Let your voice be heard

I just tried to call my representative in the House of Representatives.  Jim Matheson (D-Utah) voted no in November, but now has not said which way he will vote.  This really irritates me.  Nothing has changed from the bill in November to the one that will be voted on Sunday.  I tried calling his office, but the phone lines are busy.  If I still lived in the DC area, I would be downtown at his office.  But I no longer live there so I did the next best thing and that is send an email to let him know that if he votes yes on the health care bill, I will not vote for him in November.  Jim Matheson is in a tricky spot. He is a lone Democrat in a very red state.  The majority of Americans, 55%, do not support this bill.  We the people need our voices to be heard.  We cannot sit back and let Washington make choices for us and our families.  There is no doubt that our health care system needs reform, however, this bill is not the way to go.  We are already over $12 trillion dollars in debt and it goes up everyday.  We cannot afford this bill.  Let your voice be heard.  You can send a message to your elected representatives through Citizens Against Government Waste at  http://www.cagw.org

Some facts about the health care bill:

Myth: This legislation won’t cut Medicare.

Reductions in Medicare outlays finance about half of the legislation’s $1 trillion in new entitlement spending. The nonpartisan Congressional Budget Office verifies that the legislation would reduce Medicare benefits. President Obama’s top Medicare actuary verifies that it would reduce access to care for Medicare beneficiaries.

Of course, Congress needs to restrain Medicare spending. Otherwise, income-tax rates would have to double by midcentury. But the solution is to make Medicare more efficient, not to use price controls and bureaucratic rationing.

Myth: The legislation would contain health care costs.

The Obama plan would increase health care costs for the simple reason that it would put millions more patients, plus doctors and insurers, in a position where they are spending the taxpayers’ money. That never produces frugality.

Its command-and-control approaches to cost containment have failed over and over in Medicare and Medicaid because they don’t change the incentives that encourage cost growth.

The only provision that would change incentives is the president’s proposed tax on the sick and others with high-cost health plans. But he appears ready to abandon that, anyway.

Stanford health economist Alain Enthoven writes, “The American people are being deceived.” The Senate bill would “do little or nothing to curb [health care] expenditures.”

Myth: This legislation is a moral imperative.

The Obama plan would impose additional taxes on the sick — in part, to subsidize abortions — and would threaten people with jail time if they do not purchase health insurance. Where’s the morality in that?

Myth: This legislation is about saving lives.

Congress could save more lives with less money by creating smaller programs that fight high blood pressure, diabetes and other specific ailments.

By expanding health insurance instead, Democrats are implicitly showing that saving lives isn’t the primary goal.

Myth: This legislation would stop abusive insurance practices.
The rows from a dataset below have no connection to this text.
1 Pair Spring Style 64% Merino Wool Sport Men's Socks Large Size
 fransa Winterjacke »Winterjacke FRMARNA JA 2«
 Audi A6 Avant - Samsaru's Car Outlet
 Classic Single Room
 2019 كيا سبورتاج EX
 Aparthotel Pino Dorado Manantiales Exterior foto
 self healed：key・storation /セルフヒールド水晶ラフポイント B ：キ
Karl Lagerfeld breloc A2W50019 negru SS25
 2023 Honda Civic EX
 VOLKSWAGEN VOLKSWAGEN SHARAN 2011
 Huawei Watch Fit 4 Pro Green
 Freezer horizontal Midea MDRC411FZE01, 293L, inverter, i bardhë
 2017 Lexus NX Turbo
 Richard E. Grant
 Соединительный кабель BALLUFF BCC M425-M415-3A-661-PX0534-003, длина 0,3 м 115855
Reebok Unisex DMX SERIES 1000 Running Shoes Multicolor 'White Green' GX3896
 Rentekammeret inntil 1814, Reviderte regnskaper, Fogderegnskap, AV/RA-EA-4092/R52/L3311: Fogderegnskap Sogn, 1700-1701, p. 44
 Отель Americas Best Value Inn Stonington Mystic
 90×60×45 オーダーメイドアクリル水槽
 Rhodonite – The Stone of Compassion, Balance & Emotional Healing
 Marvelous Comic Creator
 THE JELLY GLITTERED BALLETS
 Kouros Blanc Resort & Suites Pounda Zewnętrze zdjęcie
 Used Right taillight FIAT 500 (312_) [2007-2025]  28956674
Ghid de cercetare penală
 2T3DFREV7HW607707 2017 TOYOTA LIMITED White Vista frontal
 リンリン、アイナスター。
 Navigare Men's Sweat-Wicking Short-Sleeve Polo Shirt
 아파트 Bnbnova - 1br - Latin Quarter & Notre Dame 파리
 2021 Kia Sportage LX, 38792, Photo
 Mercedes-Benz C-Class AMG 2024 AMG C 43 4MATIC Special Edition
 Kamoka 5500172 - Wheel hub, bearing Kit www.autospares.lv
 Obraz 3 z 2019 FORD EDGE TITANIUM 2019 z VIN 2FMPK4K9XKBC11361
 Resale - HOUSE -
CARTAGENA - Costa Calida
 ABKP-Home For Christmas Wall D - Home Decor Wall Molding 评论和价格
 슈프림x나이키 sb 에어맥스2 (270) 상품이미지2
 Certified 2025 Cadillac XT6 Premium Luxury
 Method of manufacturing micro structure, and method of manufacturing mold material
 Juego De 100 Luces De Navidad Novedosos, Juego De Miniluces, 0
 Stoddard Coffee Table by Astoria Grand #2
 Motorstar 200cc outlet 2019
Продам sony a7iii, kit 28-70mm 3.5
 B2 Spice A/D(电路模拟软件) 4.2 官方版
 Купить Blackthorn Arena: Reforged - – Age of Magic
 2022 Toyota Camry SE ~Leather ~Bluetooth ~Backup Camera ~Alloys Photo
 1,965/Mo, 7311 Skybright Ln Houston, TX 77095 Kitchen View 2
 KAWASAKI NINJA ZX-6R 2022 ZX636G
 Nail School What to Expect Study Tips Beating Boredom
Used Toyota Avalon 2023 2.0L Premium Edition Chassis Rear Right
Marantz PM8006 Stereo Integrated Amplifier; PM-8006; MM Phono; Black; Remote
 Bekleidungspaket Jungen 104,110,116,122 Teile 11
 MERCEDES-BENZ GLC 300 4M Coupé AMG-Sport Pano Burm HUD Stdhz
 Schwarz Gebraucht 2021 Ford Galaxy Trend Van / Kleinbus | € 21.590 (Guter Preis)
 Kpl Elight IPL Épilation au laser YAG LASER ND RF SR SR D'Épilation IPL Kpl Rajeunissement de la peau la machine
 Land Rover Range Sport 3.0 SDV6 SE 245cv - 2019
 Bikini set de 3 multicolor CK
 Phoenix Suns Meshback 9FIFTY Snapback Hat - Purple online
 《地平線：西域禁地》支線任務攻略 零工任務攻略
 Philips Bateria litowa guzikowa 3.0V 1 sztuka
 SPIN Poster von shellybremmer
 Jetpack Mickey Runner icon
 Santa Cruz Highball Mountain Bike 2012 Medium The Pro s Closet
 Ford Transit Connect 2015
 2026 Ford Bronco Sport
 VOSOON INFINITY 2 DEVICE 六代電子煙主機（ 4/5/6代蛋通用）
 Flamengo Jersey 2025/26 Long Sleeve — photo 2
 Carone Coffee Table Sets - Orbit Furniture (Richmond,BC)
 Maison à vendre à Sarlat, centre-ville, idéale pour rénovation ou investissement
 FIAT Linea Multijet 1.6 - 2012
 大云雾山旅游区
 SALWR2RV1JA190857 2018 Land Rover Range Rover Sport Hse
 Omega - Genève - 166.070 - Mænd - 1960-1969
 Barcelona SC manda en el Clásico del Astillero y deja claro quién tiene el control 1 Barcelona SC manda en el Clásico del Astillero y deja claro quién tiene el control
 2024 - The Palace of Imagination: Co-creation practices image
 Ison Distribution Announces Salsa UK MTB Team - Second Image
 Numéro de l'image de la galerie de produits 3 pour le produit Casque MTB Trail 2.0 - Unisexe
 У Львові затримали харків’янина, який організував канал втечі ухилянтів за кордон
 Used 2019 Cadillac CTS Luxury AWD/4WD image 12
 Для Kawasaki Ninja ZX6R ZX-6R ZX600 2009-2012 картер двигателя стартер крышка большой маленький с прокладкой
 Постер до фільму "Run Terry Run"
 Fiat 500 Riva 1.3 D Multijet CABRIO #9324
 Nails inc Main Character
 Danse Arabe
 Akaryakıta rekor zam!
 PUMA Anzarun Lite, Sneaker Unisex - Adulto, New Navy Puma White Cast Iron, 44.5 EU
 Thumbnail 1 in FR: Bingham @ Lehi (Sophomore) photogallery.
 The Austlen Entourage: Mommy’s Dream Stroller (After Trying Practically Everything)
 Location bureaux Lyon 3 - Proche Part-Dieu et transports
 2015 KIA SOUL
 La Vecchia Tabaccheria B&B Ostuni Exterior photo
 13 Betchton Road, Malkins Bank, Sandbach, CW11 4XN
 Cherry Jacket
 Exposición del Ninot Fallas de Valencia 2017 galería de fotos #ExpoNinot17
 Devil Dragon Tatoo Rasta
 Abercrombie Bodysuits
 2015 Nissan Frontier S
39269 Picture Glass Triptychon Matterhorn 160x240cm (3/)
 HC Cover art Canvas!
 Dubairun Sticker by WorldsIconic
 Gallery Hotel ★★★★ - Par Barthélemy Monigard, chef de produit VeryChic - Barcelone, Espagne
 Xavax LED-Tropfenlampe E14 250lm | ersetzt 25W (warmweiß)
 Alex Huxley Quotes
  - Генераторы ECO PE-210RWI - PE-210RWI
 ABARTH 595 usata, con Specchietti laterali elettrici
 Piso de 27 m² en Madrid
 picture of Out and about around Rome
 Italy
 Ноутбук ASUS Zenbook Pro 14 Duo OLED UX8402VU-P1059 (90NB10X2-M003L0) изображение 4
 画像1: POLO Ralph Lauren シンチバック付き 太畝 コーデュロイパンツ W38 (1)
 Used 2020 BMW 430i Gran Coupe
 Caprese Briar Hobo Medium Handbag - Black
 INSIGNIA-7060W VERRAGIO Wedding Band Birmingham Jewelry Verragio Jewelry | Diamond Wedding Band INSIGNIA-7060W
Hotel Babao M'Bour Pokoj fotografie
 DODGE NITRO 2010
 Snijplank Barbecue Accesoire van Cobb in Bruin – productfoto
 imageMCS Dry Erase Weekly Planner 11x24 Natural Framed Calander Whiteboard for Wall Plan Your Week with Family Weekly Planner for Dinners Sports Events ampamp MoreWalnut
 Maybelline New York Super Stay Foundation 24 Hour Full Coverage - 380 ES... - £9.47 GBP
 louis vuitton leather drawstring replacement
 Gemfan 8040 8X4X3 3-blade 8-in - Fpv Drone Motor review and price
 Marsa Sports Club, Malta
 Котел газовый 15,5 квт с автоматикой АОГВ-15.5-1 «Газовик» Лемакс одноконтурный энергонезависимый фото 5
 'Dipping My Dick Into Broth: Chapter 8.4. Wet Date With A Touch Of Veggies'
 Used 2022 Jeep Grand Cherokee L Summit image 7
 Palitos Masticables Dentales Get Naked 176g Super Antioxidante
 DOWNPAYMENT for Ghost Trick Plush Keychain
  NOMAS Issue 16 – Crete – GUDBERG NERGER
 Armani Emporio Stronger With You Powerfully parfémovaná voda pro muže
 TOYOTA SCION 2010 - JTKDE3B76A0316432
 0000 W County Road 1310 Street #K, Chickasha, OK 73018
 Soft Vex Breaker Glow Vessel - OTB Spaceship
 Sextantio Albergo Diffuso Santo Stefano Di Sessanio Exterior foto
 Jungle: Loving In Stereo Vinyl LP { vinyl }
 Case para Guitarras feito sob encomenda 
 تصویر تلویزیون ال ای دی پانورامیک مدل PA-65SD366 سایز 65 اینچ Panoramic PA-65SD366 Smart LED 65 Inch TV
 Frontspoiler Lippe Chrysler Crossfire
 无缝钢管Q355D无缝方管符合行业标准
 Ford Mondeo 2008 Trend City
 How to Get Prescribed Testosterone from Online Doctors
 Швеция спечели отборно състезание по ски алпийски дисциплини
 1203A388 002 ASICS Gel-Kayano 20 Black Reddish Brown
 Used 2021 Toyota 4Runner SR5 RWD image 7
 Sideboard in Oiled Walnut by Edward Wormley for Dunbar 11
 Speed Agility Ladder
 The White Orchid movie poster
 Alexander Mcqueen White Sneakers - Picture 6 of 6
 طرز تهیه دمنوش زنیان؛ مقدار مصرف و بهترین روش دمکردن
The Obama plan would encourage abusive insurance practices. Research by Obama adviser David Cutler shows that the plan’s price controls would force insurers who provide quality care for the sick into bankruptcy. Insurers would therefore use countless and covert means to deny care and avoid, mistreat and dump the sick.

Along the way, the legislation would shower private insurance companies with half a trillion dollars in government subsidies.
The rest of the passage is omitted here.